I've been brewing for about a year, and done about 30 brews. Been venturing into AGs, and there are loads more variables for you to be able to control your brew, which is great. However, recently time is at a premium, and beer is becoming scarce, so I thought I would repeat a couple of my favourite extract brews. 50min from start to finishing clean up, compared to the guts of a day for AG, and I know the product will be highly enjoyable.

IMHO there is a time and a place for everything.


----------



## Lord Raja Goomba I (8/9/11)

@impy, just to fill you in.

Clutch came around to obtain some swingtop bottles from me.
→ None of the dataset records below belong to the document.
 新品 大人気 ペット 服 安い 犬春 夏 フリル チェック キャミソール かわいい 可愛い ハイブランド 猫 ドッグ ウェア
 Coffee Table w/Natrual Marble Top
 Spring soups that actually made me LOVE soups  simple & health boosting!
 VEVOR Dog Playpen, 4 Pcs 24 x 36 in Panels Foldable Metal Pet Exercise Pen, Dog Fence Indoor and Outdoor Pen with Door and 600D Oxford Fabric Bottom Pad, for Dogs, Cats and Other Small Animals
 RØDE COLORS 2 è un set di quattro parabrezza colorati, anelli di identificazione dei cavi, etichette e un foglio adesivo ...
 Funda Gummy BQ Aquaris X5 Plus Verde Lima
Tried some of my AG (stovetop, poverty method, BIAB, AG beer).

Hooked.

To be honest, it isn't my brewing - it's the method. It just produces good beer. It isn't idiot-proof, but so long as you respect it, it'll produce great beer.

Clutch tried my most basic one hop, base malt +200g spec malt beer with a lager dried yeast.
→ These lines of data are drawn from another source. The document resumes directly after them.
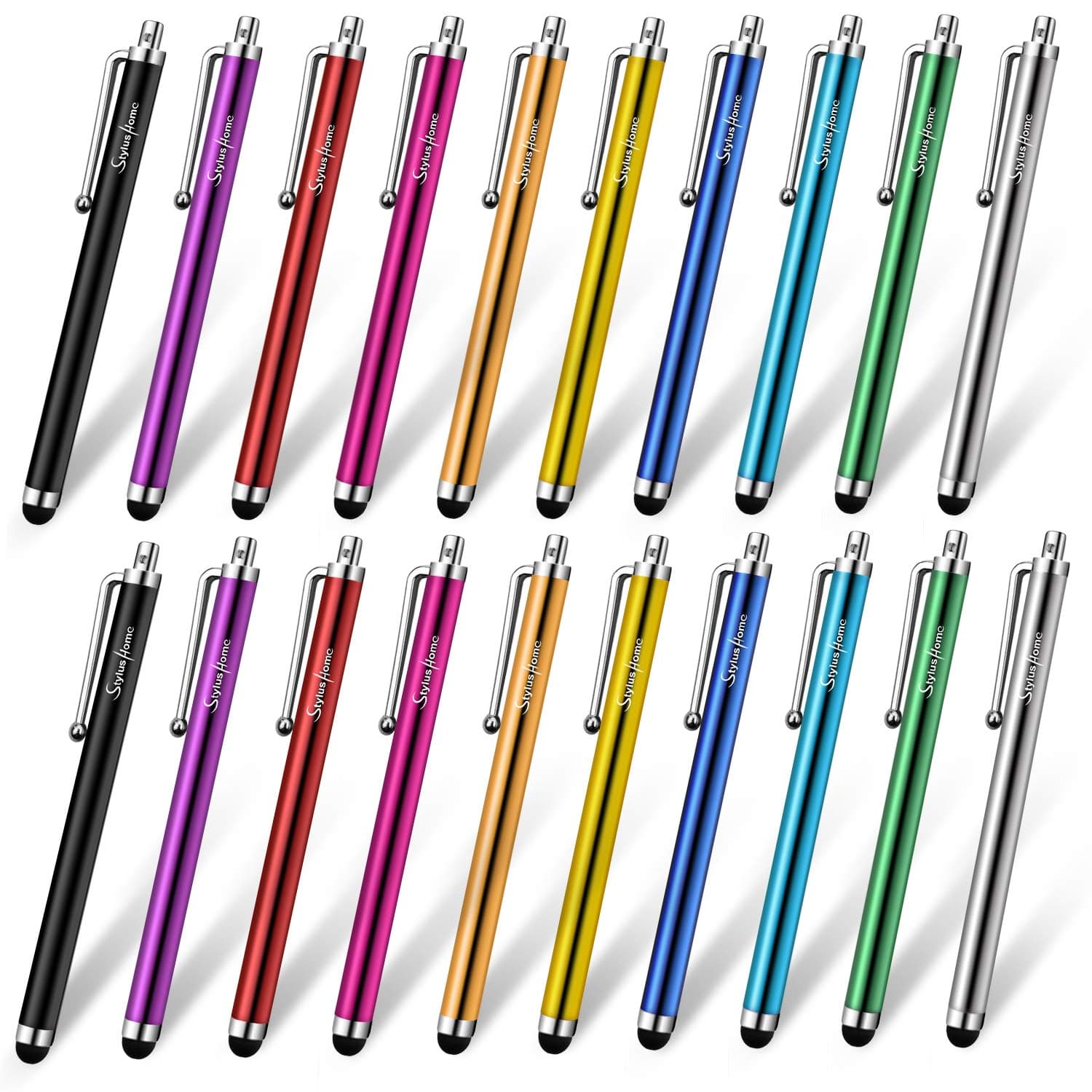 StylusHome Stylus Pens for Touch Screens, 20 Pack Universal Capacitive Precision Stylus Compatible with iPad iPhone Tablets Samsung Galaxy All Comprehensive Touch Screen Devices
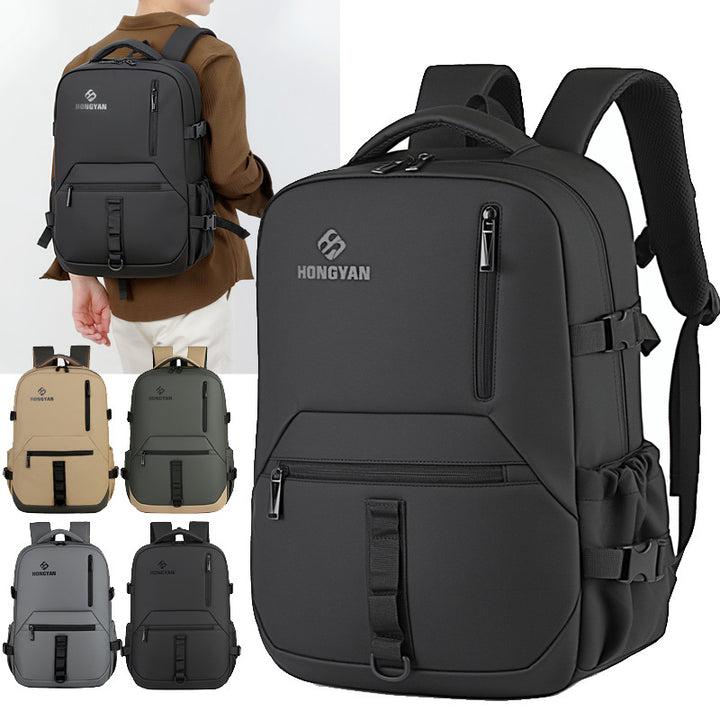 Sleek Anti-Theft Laptop Backpack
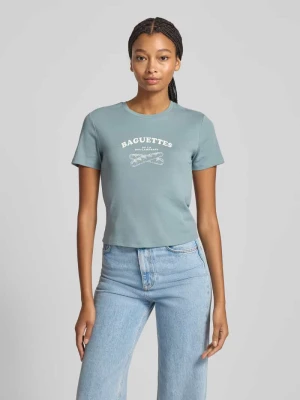 T-shirt o kroju regular fit z czystej bawełny model ‘BINA LIFE’ Only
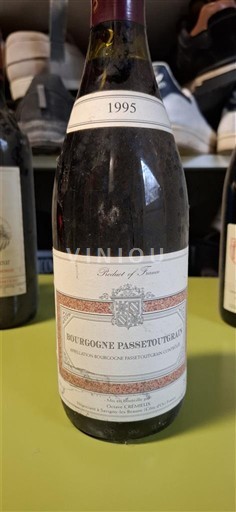 Bourgogne Bourgogne-passetoutgrain Octave Crémieux 1995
Thanks for sticking up for us, clutch. PM me with how it turned out, and any qu's.

Goomba


----------



## manticle (8/9/11)

What a shit idea for a thread (or at least a very badly worded title). There's a million and one AG brewers out there who are supportive of other methods of brewing including extract. Why be defensive about your brewing - if you enjoy it, keep brewing that way. If you're not happy or wanting to change or curious or whatever, brew another way. This 'versus' kind of crapola is amazingly unhelpful to everyone.

Who gives a tin fiddler's ****?

As for stepping stones - suits some people, not others (as with all things brewing). Care less about what and how others decide to do things and more about how you (generic you) do.
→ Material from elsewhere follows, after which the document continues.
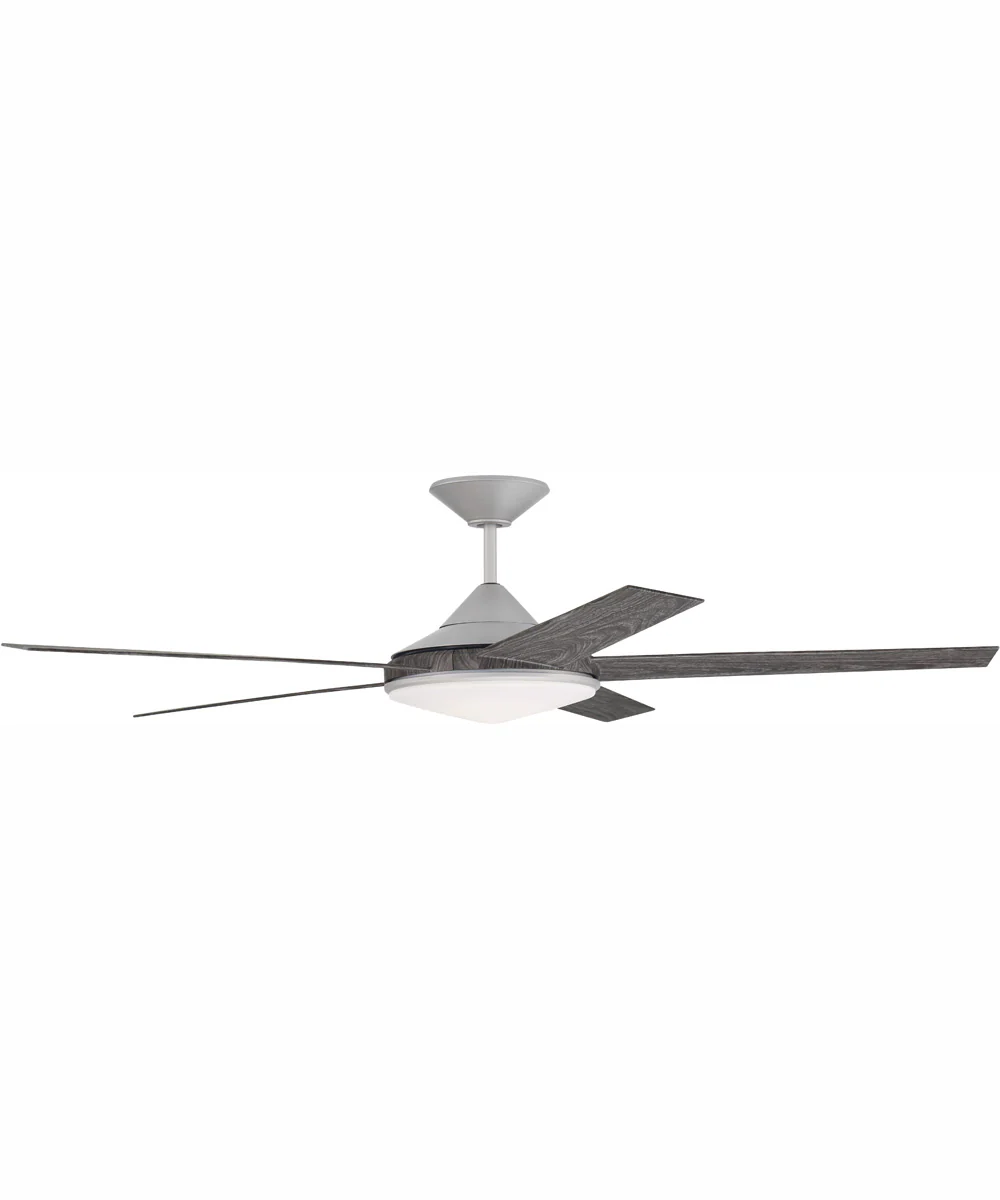 60" Delaney 1-Light Indoor/Outdoor Ceiling Fan Painted Nickel - Image 2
Enun's post makes the most sense of any so far, although I also agree entirely with mje.

I also have some small bits of gravel in my shoe.


----------



## Pennywise (8/9/11)

I brew kits & AG. I spose _everyone_ should think I'm a lesser brewer. This debate is shit, always has been....



Drunk PW..... OUT


----------



## roo_dr (8/9/11)

Is Carlton Draught an extract or an all-grain? :huh:


----------



## insane_rosenberg (8/9/11)

I think a key point gets lost in this discussion. 

Unless you knew someone who does AG (and there aren't that many of us), or your first venture into brewing was to walk into a LHBS that sold grain (and there aren't that many of those), you'd have no idea AG even existed.

I grew up knowing plenty of guys that home brewed. Number who did AG? None.

Once I met a guy who had a keg setup and I thought that was the most ultimate achievement in home brewing!

I brewed for 2.5 years before someone bought me the Complete Guide to Beer and Brewing by Strachan. Literally the first reference I ever saw to AG.

Do you really expect someone in that position to say "F*** what I've been doing for my entire hobby so far", and shell out the big bikkies for a brew rig for their next batch? All on a process they never knew existed? And have never actually seen in operation?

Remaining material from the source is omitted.